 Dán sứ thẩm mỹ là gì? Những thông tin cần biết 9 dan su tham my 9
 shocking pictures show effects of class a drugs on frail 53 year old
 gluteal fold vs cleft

==

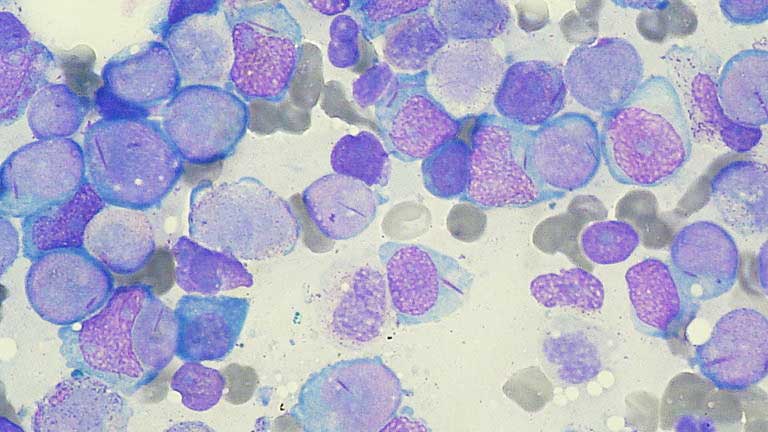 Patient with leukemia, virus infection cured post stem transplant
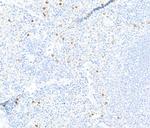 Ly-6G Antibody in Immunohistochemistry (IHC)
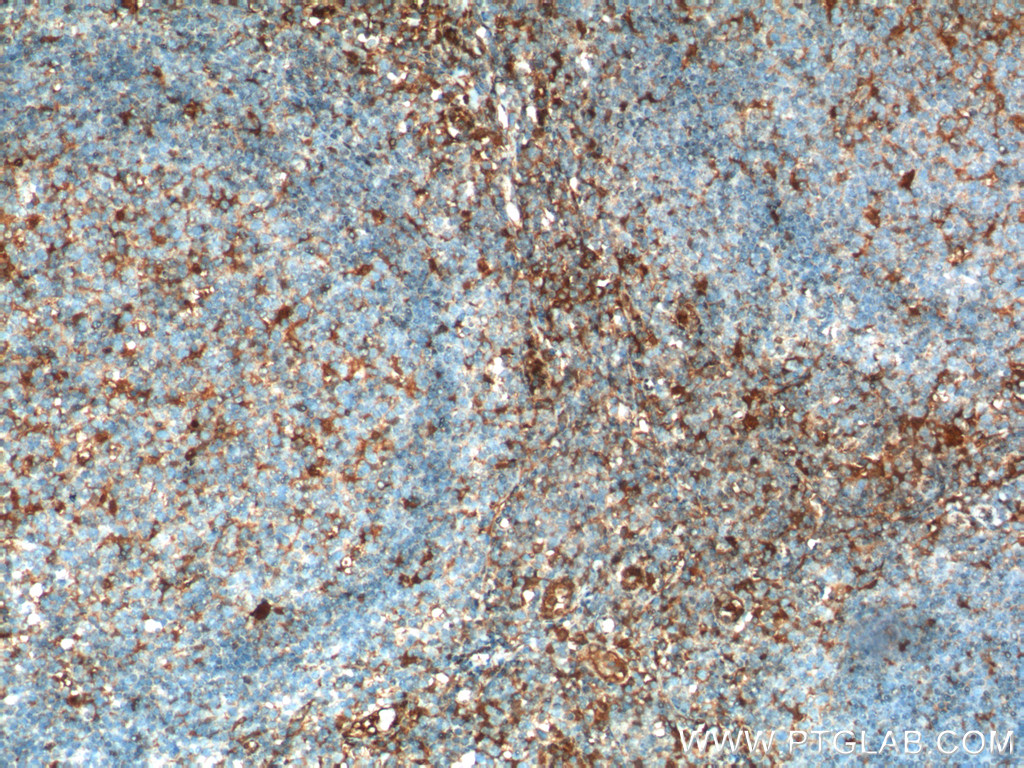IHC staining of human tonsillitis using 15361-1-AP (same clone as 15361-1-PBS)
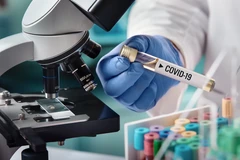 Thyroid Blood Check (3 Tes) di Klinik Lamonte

---

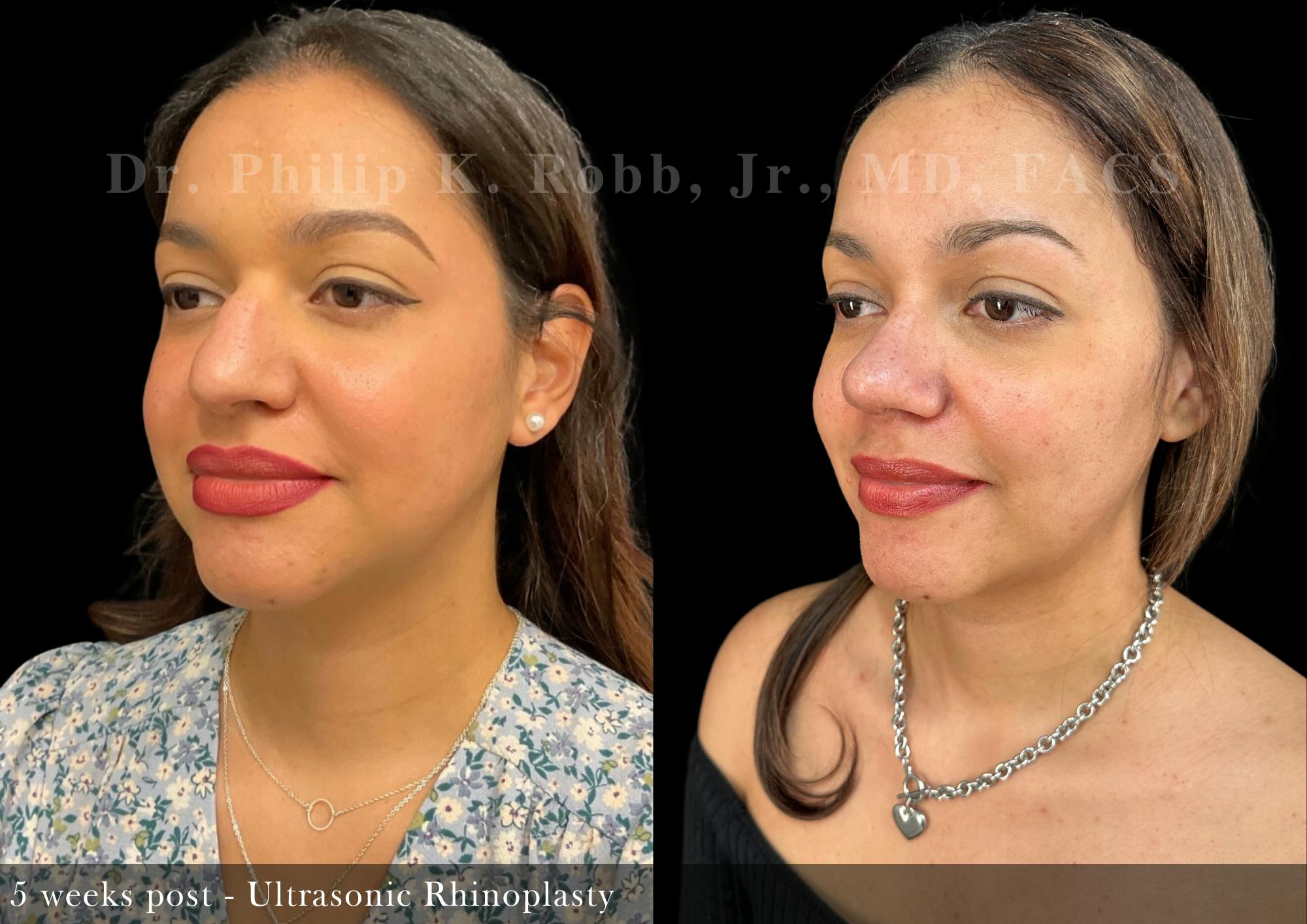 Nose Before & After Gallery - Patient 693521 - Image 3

BRIEF |
The answer must be the part of the records that opens with the line containing "Patient with leukemia, virus" and closes with the line containing "Thyroid Blood Check", reproduced exactly, with no pictures.

OUTPUT OF THE EXERCISE |
 Patient with leukemia, virus infection cured post stem transplant
 Ly-6G Antibody in Immunohistochemistry (IHC)
IHC staining of human tonsillitis using 15361-1-AP (same clone as 15361-1-PBS)
 Thyroid Blood Check (3 Tes) di Klinik Lamonte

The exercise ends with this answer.